Una novedad del Vaticano II fue que el número de los obispos de Africa, América y Asia -continentes de población autóctona- reducían a los europeos a una minoría. Pero algo chocaba a la nueva mayoría: sus diócesis periféricas estaban consideradas "misiones" siguiendo la idea de la Iglesia colonial. El nuevo concepto de Iglesia autóctona les devolvía la dignidad.
Ad Gentes llevó dos récord conciliares: 1) fue el que más tiempo ocupó a los obispos (de principio a fin de Vaticano II, marzo de 1962 a diciembre de 1965), es decir, el de mayor deliberación y empeño episcopal, y 2) el que consiguió la mayor votación conciliar: 2 mil 394 placet ("sí" positivo) con sólo 18 non placet y 2 nulos. De esta magnitud fue el consenso sobre las Iglesias autóctonas y sus principales actores, los diáconos -indígenas, casados, permanentes.
Tan arduos fueron esos debates de enfoque novedoso que se necesitaron ocho redacciones sucesivas, que no constaban de enmiendas sino de propuestas nuevas. Después de la sexta, en noviembre de 1964, el Papa (quien por iniciativa de Juan xxiii se abstenía de participar en las sesiones ordinarias para no cohibir la libertad de los padres conciliares) se permitió un gesto autoritario inaudito en la lógica de Vaticano II: bajó al aula conciliar y pronunció un discurso que urgía su aprobación después de dos años y medio de discusión. Los obispos, que acababan de conquistar la autoridad de su colegialidad (fortalecimiento autonómico de las periferias diocesanas), tomaron una singular iniciativa que retaba al Pontífice: votar sobre la validez del esquema en discusión. La propuesta apoyada por Pablo VI, aunque flexible consiguió 311 votos favorables y mil 601 en contra. Las cifras significan que la determinación colegial de los obispos había terminado por flexibilizar la rigidez autoritaria y burocrática, tan característica de los tiempos preconciliares.

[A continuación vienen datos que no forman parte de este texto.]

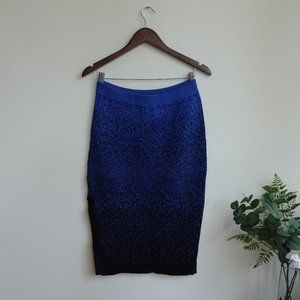 Gradient black and blue knit skirt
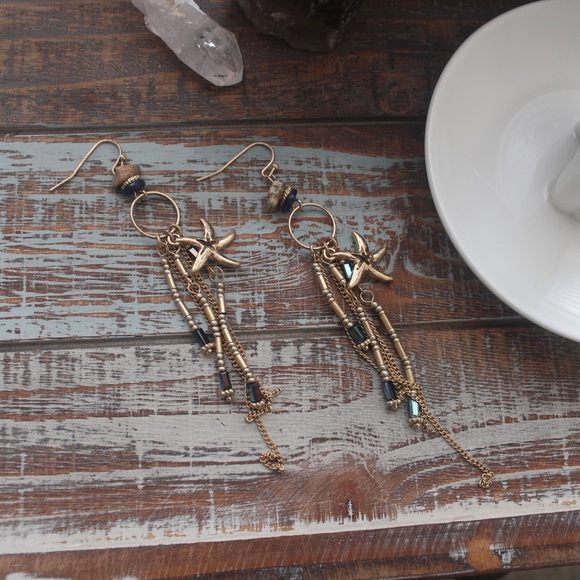 Gold Tone Starfish Earrings - Picture 4 of 9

El cardenal Ratzinger, signatario del documento, fue testigo de estos grandes momentos conciliares; no tenía entonces ni voz ni voto en Vaticano II, pues no era obispo, pero era uno de los muchos "expertos" invitados para asesorar a los obispos. Ahora que es otro y que su palabra tiene un registro mayor, ¿se explicará el cambio de enfoque? En el momento tan frustrante y polémico que aqueja a los indígenas, la coincidencia de contenido entre la carta al obispo de Chiapas y el dictamen del Senado (al negarles ambos facultades previamente acordadas), ¿es un descuido o tiene intencionalidad?
Si la última hipótesis es la buena, el cardenal y su destinatario deben saber que no podrán evitar que se le den tintes políticos.